While known for humour befitting a stand-up, and covering topics like politics (including Brexit), from climate change to racism, some of the night’s highlights were unexpected and sobering for anyone that simply wanted a night of nostalgia.
The chilling, Hang Knot Slip Knot, featured in the first half hour. The song is drawn from Guthrie’s upbringing in small-town Oklahoma at a time when lynching – including some Bragg tells us involved Guthrie’s father – was still common.
Equally, a terrific and still relevant Between the Wars, first released during the UK Miners strikes of 1984-85 that first politicised Bragg, provided something familiar, after his moving rendition of Thomas Hardy poem, The Man He Killed, which Bragg had put to music.
Bragg admirably took on what he called ‘the war on empathy’ next, as he provided his take on US songwriter, Anais Mitchell’s Why We Build the Wall, that mocked Donald Trump’s promise to build a wall on the US/Mexican border; ‘Poverty is the enemy – the wall keeps out the enemy and we build the wall to keep us free.’
Directly after, likely ironically, Bragg played the sugary sweet, Milkman of Human Kindness, from 1983’s Life’s a Riot with Spy vs Spy, which was a return to familiar territory. Neither for the first nor the last time, the crowd lustily sang the chorus.
To further lighten the way, Bragg teased us to pick for him either one of an un-named Jackson 5 or Bob Dylan number. Both acts once part of his busker’s repertoire. Maybe hoping for Blame it on the Boogie, as I was, the groan across the theatre was one of those ‘Be careful what you wish for,’ moments as he launched into the weepie I’ll be There.

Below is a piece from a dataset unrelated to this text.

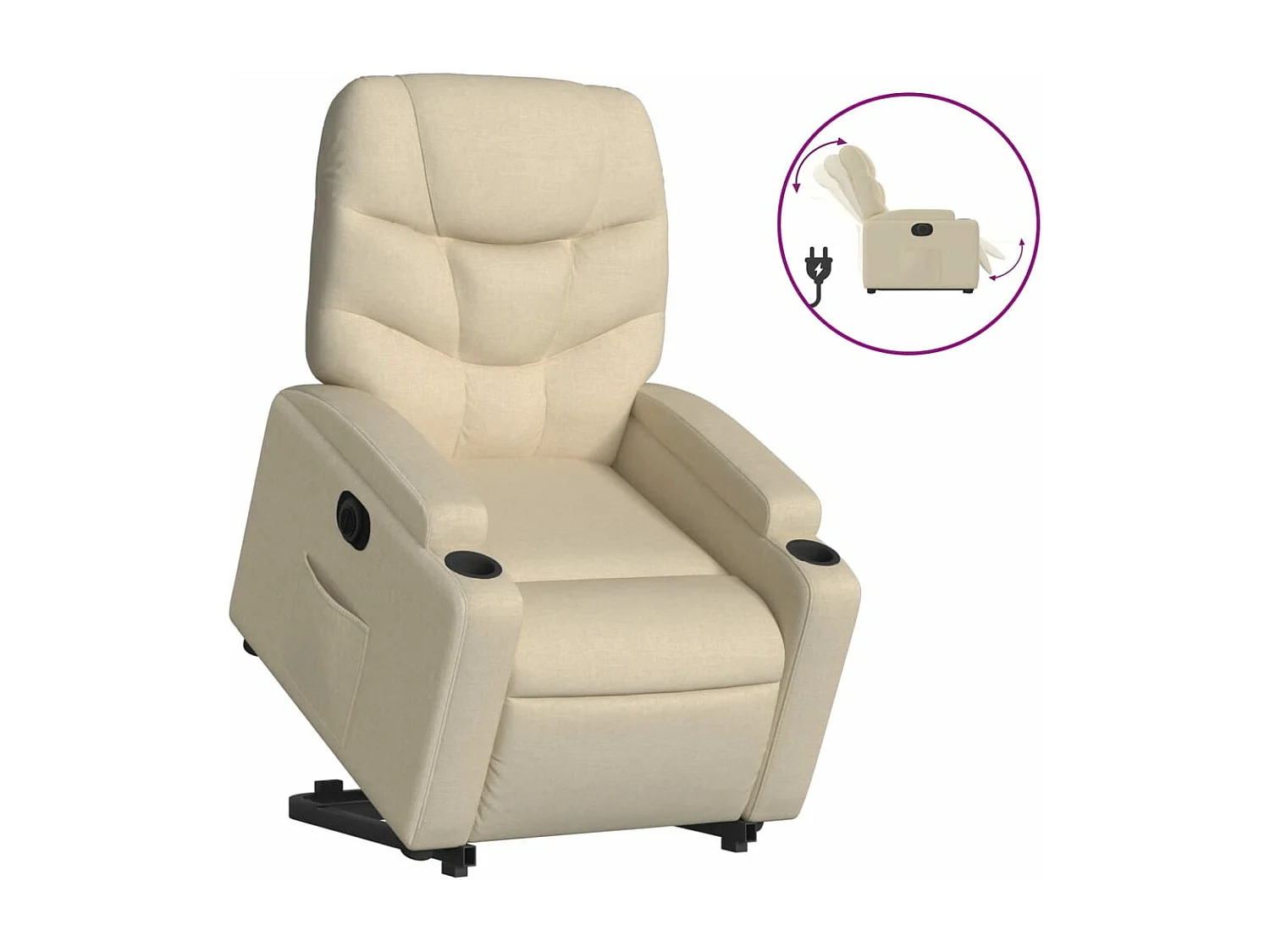 Sillón eléctrico reclinable elevable de tela color crema YOE15712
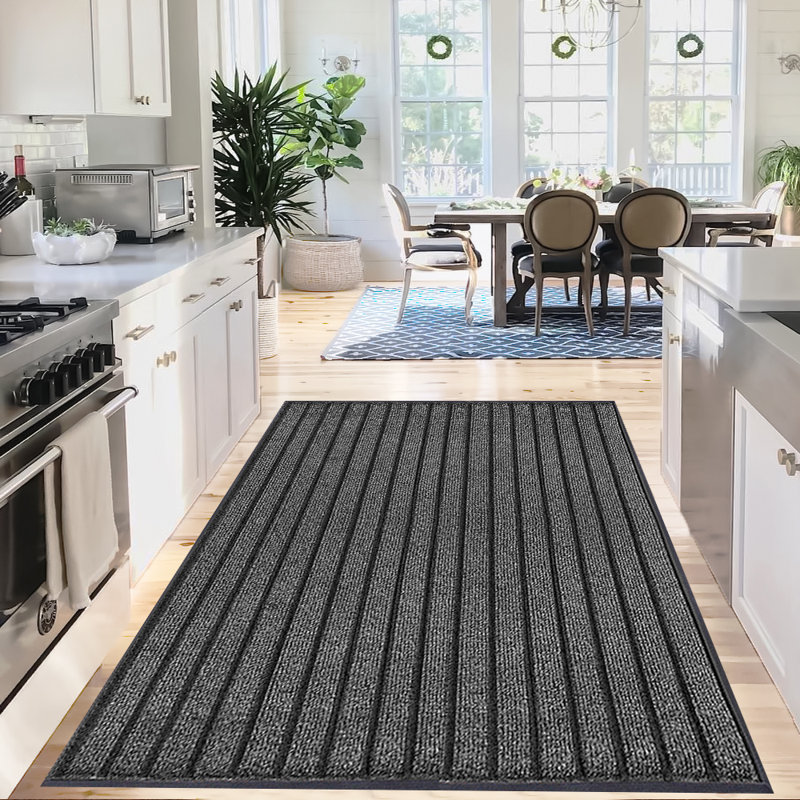 Kiyarah Non-Slip Striped Indoor / Outdoor Doormat, Grey, Rectanguar 80 x 150cm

He then made hard work of the song’s lower notes and got a laugh when he acknowledged his poor busker’s skills, ‘I just played what I liked,’ before seguing into his melancholy, Motown name-dropper, Levi Stubbs Tears.
It was another cheery sing-along through Greetings to the New Brunette next, before a return to the Telecaster to appease a yell from one wag of, ‘So, what’s your book about?’ This was enough for Bragg to change tack and introduce his book, Roots Radicals and Rockers, literally a forensic social history of skiffle, the UK-based, guitar-led roots music of the 1950s.
Just one song from his latest album, Shine a Light, a collaboration with US singer/songwriter, Joe Henry, was next; Lead Belly’s oft-covered, Midnight Special, a staple for any skiffler.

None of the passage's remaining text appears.